Data block:
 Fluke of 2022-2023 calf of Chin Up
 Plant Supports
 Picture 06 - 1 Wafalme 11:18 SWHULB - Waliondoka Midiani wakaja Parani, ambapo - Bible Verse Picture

Task prompt: All of the material should be given again, character for character.

Your response:
 Fluke of 2022-2023 calf of Chin Up
 Plant Supports
 Picture 06 - 1 Wafalme 11:18 SWHULB - Waliondoka Midiani wakaja Parani, ambapo - Bible Verse Picture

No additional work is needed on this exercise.